NRAO Grote Reber Fellow Thankful Cromartie Receives Prestigious Einstein Fellowship

Thankful Cromartie, a NRAO Grote Reber doctoral fellow at the University of Virginia’s Department of Astronomy, has received an Einstein Fellowship under the prestigious NASA Hubble Fellowship Program (NHFP).

The program enables outstanding postdoctoral scientists to pursue independent astrophysical research. Each fellowship provides the awardee up to three years of support. The Einstein Fellowship is one of the three NHFP sub-categories, that focuses on the question “How does the universe work?”

Raised in Chapel Hill, North Carolina, Cromartie received her Bachelor of Science with highest honors in physics from the University of North Carolina at Chapel Hill before moving to Charlottesville to pursue her PhD at the University of Virginia. She will be defending her PhD in April and in the fall of 2020 she starts her Einstein Fellowship at Cornell University in Ithaca, New York.

“Being a NRAO Reber Fellow has been fantastic preparation for my postdoctoral research,” said Cromartie. “I’ve had access to expertise through my advisor, Scott Ransom, and had the opportunity to accrue experience as a radio observer. I’m extremely grateful for NRAO’s support during my last year of grad school.”

Cromartie’s research focuses on using millisecond pulsar (MSP) timing to explore fundamental physics. “I love studying millisecond pulsars because they’re powerful space-based probes of fundamental physics. I think it’s incredible to be able to test general relativity and learn about nuclear physics through observations at radio frequencies,” she said.

As a graduate student, Cromartie has been studying millisecond pulsars, and especially their use in pulsar timing arrays for gravitational wave detection. Her most exciting finding has been the measurement of the most massive neutron star to date, called J0740+6620, with the National Science Foundation’s Green Bank Telescope. “This is a 2.14-solar-mass source in the North American Nanohertz Observatory for Gravitational Waves (NANOGrav) dataset. It was particularly exciting because the discovery of more and more massive neutron stars helps constrain the poorly understood neutron star interior equation of state, which describes how matter at extreme densities behaves,” added Cromartie.

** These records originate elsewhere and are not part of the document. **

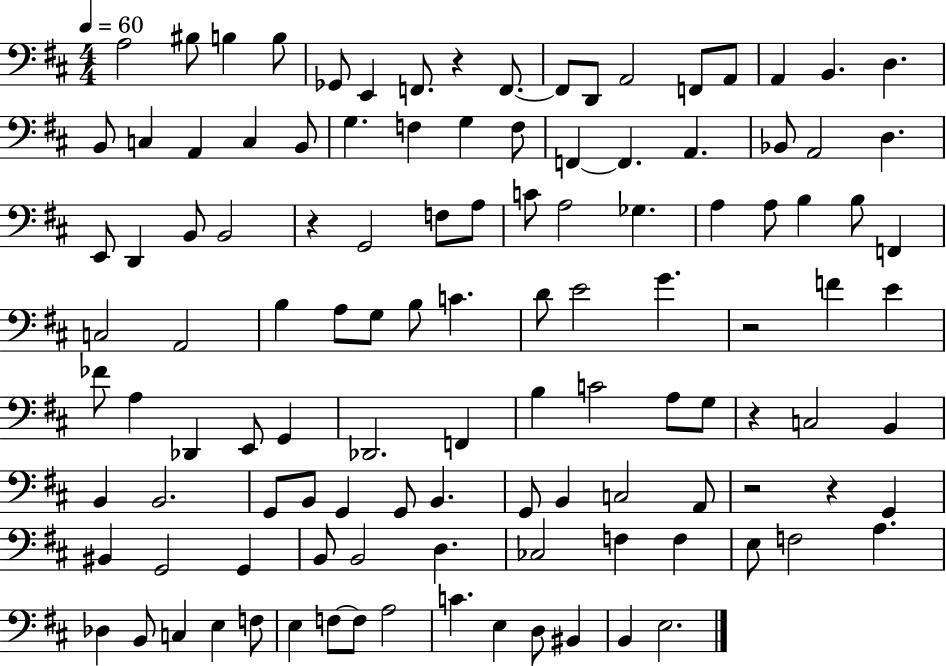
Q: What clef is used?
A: bass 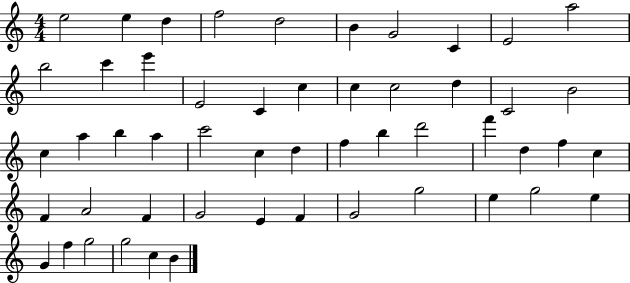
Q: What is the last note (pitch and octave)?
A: B4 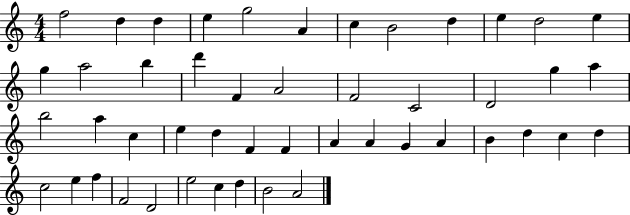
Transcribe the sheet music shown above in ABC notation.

X:1
T:Untitled
M:4/4
L:1/4
K:C
f2 d d e g2 A c B2 d e d2 e g a2 b d' F A2 F2 C2 D2 g a b2 a c e d F F A A G A B d c d c2 e f F2 D2 e2 c d B2 A2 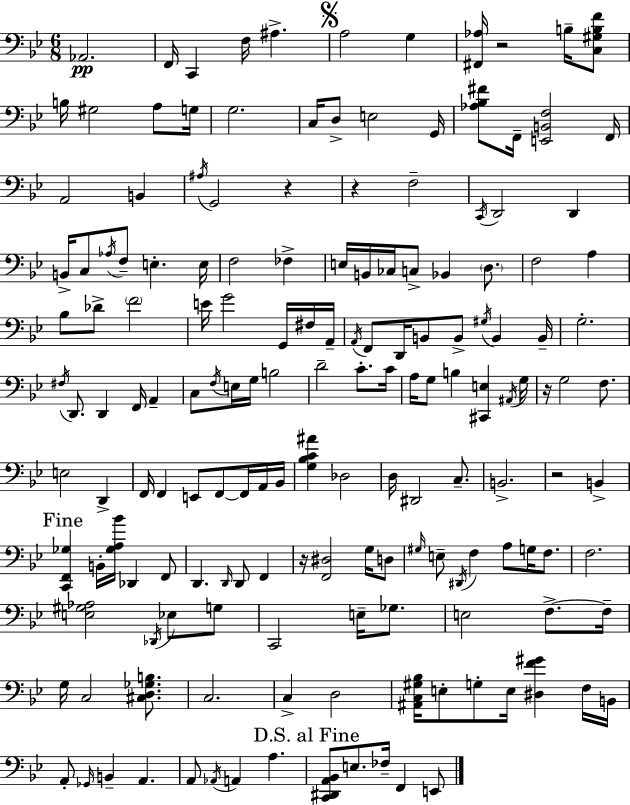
Ab2/h. F2/s C2/q F3/s A#3/q. A3/h G3/q [F#2,Ab3]/s R/h B3/s [C3,G#3,B3,F4]/e B3/s G#3/h A3/e G3/s G3/h. C3/s D3/e E3/h G2/s [Ab3,Bb3,F#4]/e F2/s [E2,B2,F3]/h F2/s A2/h B2/q A#3/s G2/h R/q R/q F3/h C2/s D2/h D2/q B2/s C3/e Ab3/s F3/e E3/q. E3/s F3/h FES3/q E3/s B2/s CES3/s C3/e Bb2/q D3/e. F3/h A3/q Bb3/e Db4/e F4/h E4/s G4/h G2/s F#3/s A2/s A2/s F2/e D2/s B2/e B2/e G#3/s B2/q B2/s G3/h. F#3/s D2/e. D2/q F2/s A2/q C3/e F3/s E3/s G3/s B3/h D4/h C4/e. C4/s A3/s G3/e B3/q [C#2,E3]/q A#2/s G3/s R/s G3/h F3/e. E3/h D2/q F2/s F2/q E2/e F2/e F2/s A2/s Bb2/s [G3,Bb3,C4,A#4]/q Db3/h D3/s D#2/h C3/e. B2/h. R/h B2/q [C2,F2,Gb3]/q B2/s [Gb3,A3,Bb4]/s Db2/q F2/e D2/q. D2/s D2/e F2/q R/s [F2,D#3]/h G3/s D3/e G#3/s E3/e D#2/s F3/q A3/e G3/s F3/e. F3/h. [E3,G#3,Ab3]/h Db2/s Eb3/e G3/e C2/h E3/s Gb3/e. E3/h F3/e. F3/s G3/s C3/h [C#3,D3,Gb3,B3]/e. C3/h. C3/q D3/h [A#2,C3,G#3,Bb3]/s E3/e G3/e E3/s [D#3,F4,G#4]/q F3/s B2/s A2/e Gb2/s B2/q A2/q. A2/e Ab2/s A2/q A3/q. [C2,D#2,A2,Bb2]/e E3/e. FES3/s F2/q E2/e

As an Einstein fellow at Cornell, she will continue to work within NANOGrav, pursuing ambitious searches for MSPs and using the full extent of the NANOGrav dataset to further constrain the equation of state. She looks forward to conducting joint analyses of radio and Gamma/X-ray data to improve NANOGrav’s sensitivity and further understand the behavior of matter at supranuclear densities.

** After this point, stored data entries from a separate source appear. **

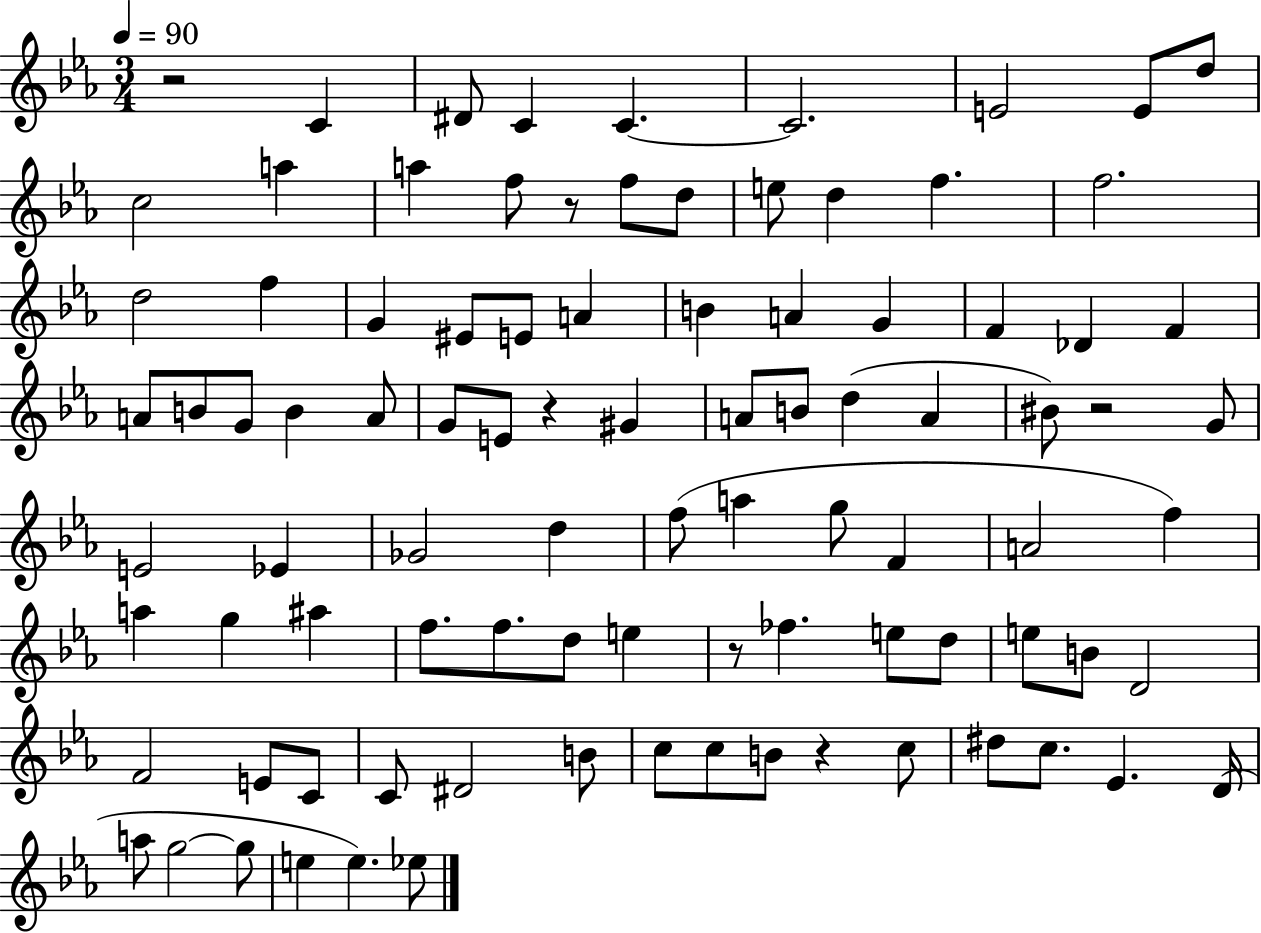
{
  \clef treble
  \numericTimeSignature
  \time 3/4
  \key ees \major
  \tempo 4 = 90
  r2 c'4 | dis'8 c'4 c'4.~~ | c'2. | e'2 e'8 d''8 | \break c''2 a''4 | a''4 f''8 r8 f''8 d''8 | e''8 d''4 f''4. | f''2. | \break d''2 f''4 | g'4 eis'8 e'8 a'4 | b'4 a'4 g'4 | f'4 des'4 f'4 | \break a'8 b'8 g'8 b'4 a'8 | g'8 e'8 r4 gis'4 | a'8 b'8 d''4( a'4 | bis'8) r2 g'8 | \break e'2 ees'4 | ges'2 d''4 | f''8( a''4 g''8 f'4 | a'2 f''4) | \break a''4 g''4 ais''4 | f''8. f''8. d''8 e''4 | r8 fes''4. e''8 d''8 | e''8 b'8 d'2 | \break f'2 e'8 c'8 | c'8 dis'2 b'8 | c''8 c''8 b'8 r4 c''8 | dis''8 c''8. ees'4. d'16( | \break a''8 g''2~~ g''8 | e''4 e''4.) ees''8 | \bar "|."
}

“I’m thrilled to be able to continue my work as a member of NANOGrav during my Einstein fellowship. I look forward to continuing to gain expertise in millisecond pulsar astrophysics, and to continue contributing to a scientific collaboration that pursues fascinating science. Though as a southerner, I’m admittedly a bit nervous about the cold weather in Ithaca!” Cromartie said.

The National Radio Astronomy Observatory is a facility of the National Science Foundation, operated under cooperative agreement by Associated Universities, Inc.

The Green Bank Observatory is a facility of the National Science Foundation, operated under cooperative agreement by Associated Universities, Inc.